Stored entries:
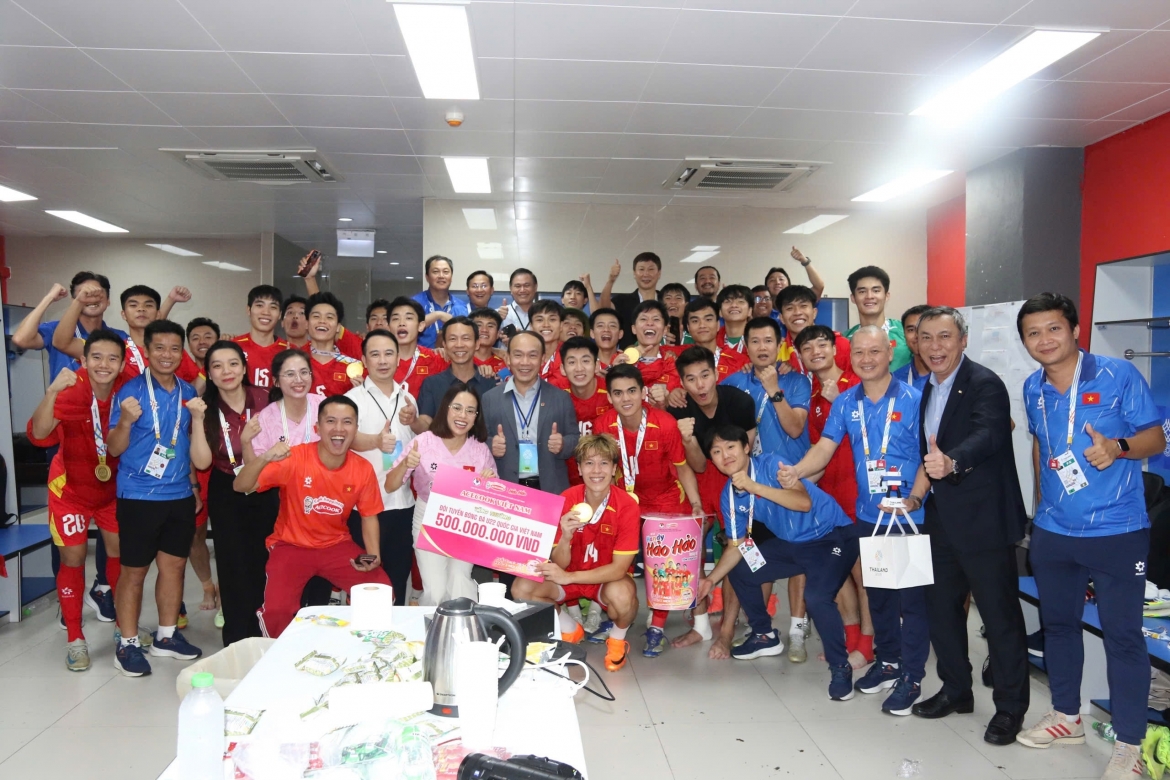 vo dich trong long nguoi ham mo, Dt nu viet nam tiep tuc nhan thuong lon hinh anh 2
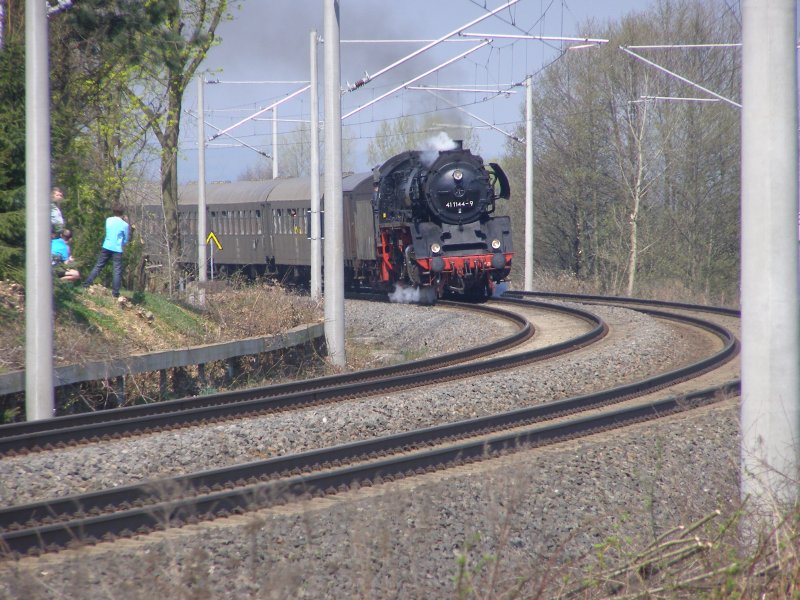 Sonderzug Ostern 12.04.2009 gezogen von BR41 1144-9 hier zwischen Neumark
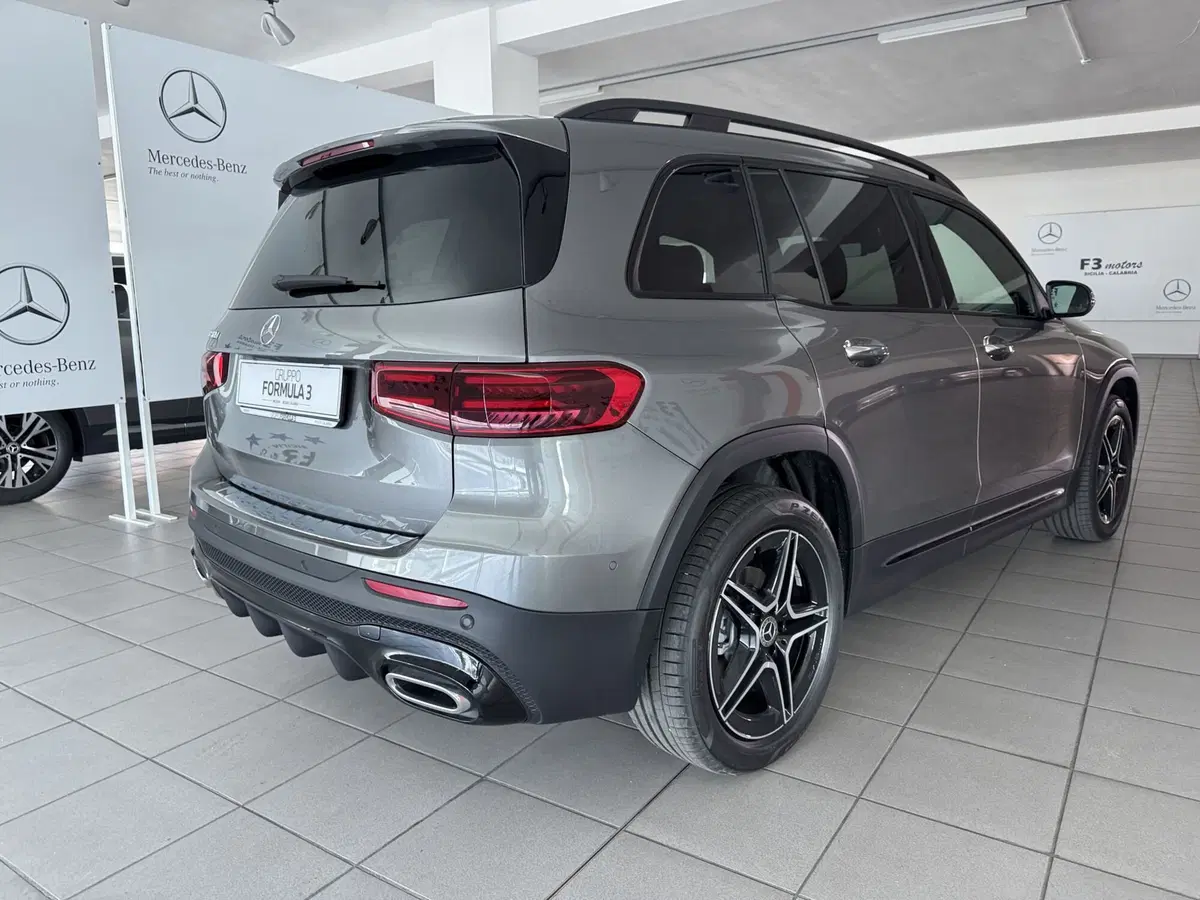 Mercedes-Benz GLB nuova a Messina (3)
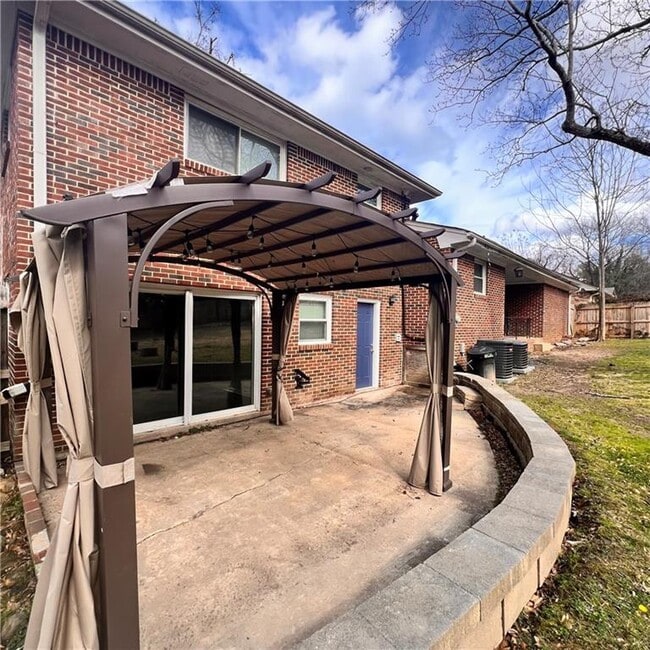 Building Photo - 3467 Pheasant Ct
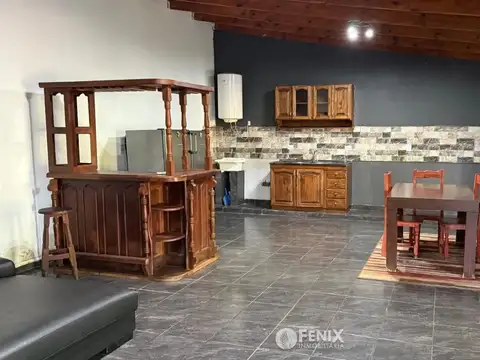 CASA QUINTA DE 1 DORMITORIO Y PISCINA EN VENTA - BARRIO PELLEGRINI (CF1413)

◆ **Problem to work on**: Please write out exactly the lines from the one containing "Sonderzug Ostern 12.04.2009" through the last line of the records above, and leave out any pictures.

◆ **Response for this exercise**:
 Sonderzug Ostern 12.04.2009 gezogen von BR41 1144-9 hier zwischen Neumark
 Mercedes-Benz GLB nuova a Messina (3)
 Building Photo - 3467 Pheasant Ct
 CASA QUINTA DE 1 DORMITORIO Y PISCINA EN VENTA - BARRIO PELLEGRINI (CF1413)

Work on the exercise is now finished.